Kate, meanwhile, begins to fall in love with Uriarte, and he seems to reciprocate this love. Kate thus falls into one of the unfortunate though common fallacies of post-sexual-revolution thought: that Uriarte, a man who has used countless women in his past to satisfy a desire, an urge, somehow sees her differently. This mistake is not rectified when she meets Uriarte's former (and, indeed, current) mistress and his bastard son. When questioned about the mistress (Lucia), Uriarte simply replies, '[Lucia and their son] are in the present only because of the past whereas you ... you are the present.'

Even this is not enough for Kate to see the light: Uriarte is indeed using her. While she is knowingly sent to carrying out his plot, praying that she will be given the strength to remain faithful to his trust, Uriarte is already having other thoughts.

"Thinking of Kate as he sits o the sofa, Uriarte smiles. How pleasing it had been to discover that the proud young woman--so earnest, so professional, so reserved--should so wholly abandon herself, heart and soul....He could not now remember whether or not he had said he loved her....a pressing affair with a British journalist could never be of any consequence--or could be of consequence only if it formed part of his plan."

As for the traditionalists, those faithful to the Tradition and Teaching of the Church, Read illustrates concisely the great temptation which faces them. It is often hard to speak the Truth, because the Truth often holds unpleasant consequences for those who reject it. Father Luke Scott's muses about how his own style of preaching has changed in response to the lifestyles of his beloved niece (Kate) and her brother (Charlie).

"During her adolescence, Kate had lost her faith. Was it because of sex? The Church taught that outside of marriage, it was a mortal sin and those who died unrepentant in a state of mortal sin went to Hell. No one believed that any more--neither the sinfulness of consensual sex nor the existence of Hell....When Kate had told him about her love life, Luke found that he could not bring himself to talk of damnation. He dropped the role of the strict priest for that of the worldly-wise uncle."

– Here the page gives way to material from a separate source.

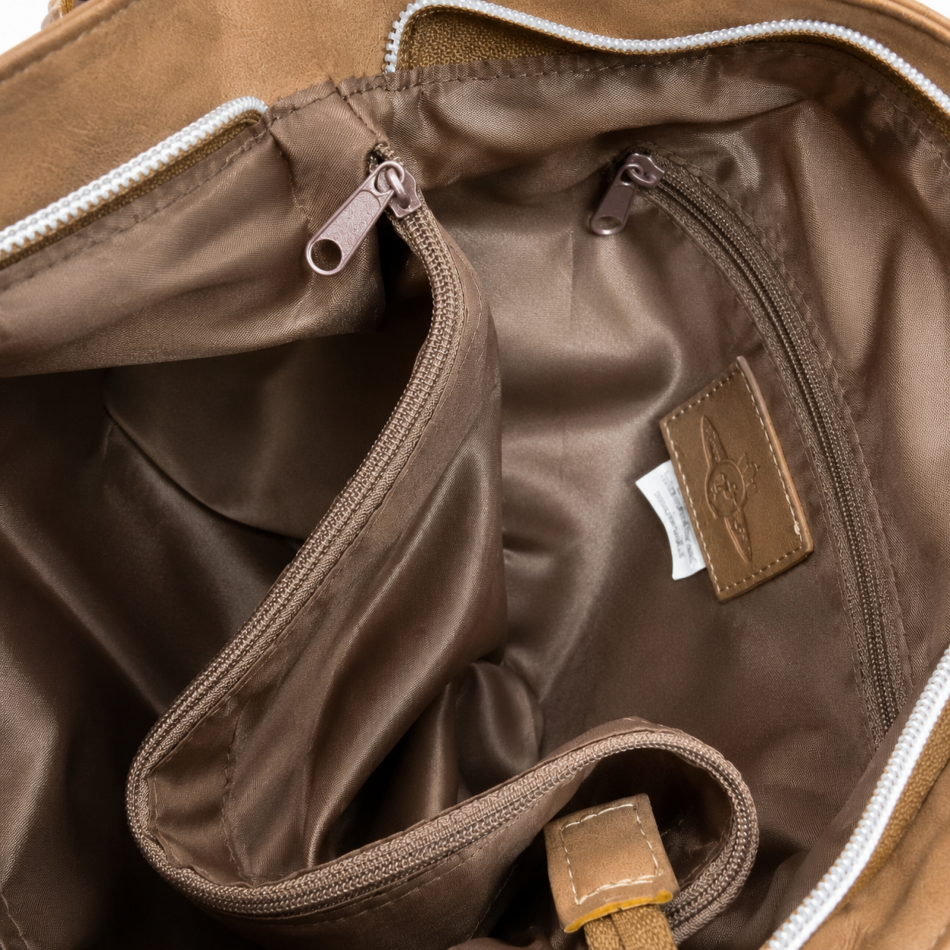 Centaur cognac schoudertas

Hell--and therefore also sin--is a difficult subject to broach, because everybody sins and many people sin constantly and unrepentantly. That some people are destined for Hell is a fact, though by hiding that fact from the world, it is possible that even more people may be doomed. This can be compared with Read's thoughts about Hell, from the title essay of his collection "Hell and Other Destinations":

" 'What are the four last things to be ever remembered?' asked Question 332 [of the Penny Catechism]. 'The four last things to be ever remembered are Death, Judgment, Hell, and Heaven.' What was Hell? Eternal Punishment. What would lead to eternal punishment? Dying unrepentant in a state of mortal sin. What sins were mortal? Murder, adultery--and choosing not to go to Mass on Sunday....These 'four last things ever to be remembered' appear to have been forgotten in today's Catholic Church. Why in particular are we so rarely warned that we run a real risk of spending eternity in torment?...There has never been, to my knowledge, any clear [and authoritative] and unambiguous statement...that the Church has changed its mind on the question of Hell; yet...it would seem to a dispassionate observer that there is no longer any real belief among contemporary Catholics in the last item of the Nicean Creed, 'life everlasting.' "

Throughout the book, a number of other themes are touched upon, from the War on Terror[ism] to the ordination of women, and from conscience to the radical ideology (and revolutions) of liberation theology. Most of those modern topics of tension between the orthodox and the progressive (or lapsed) Catholics are touched upon at least briefly. All of this is set against a plot against the papacy. The plot's suspense made this book a page-turner, a delightfully fun Read. I could not put this one down.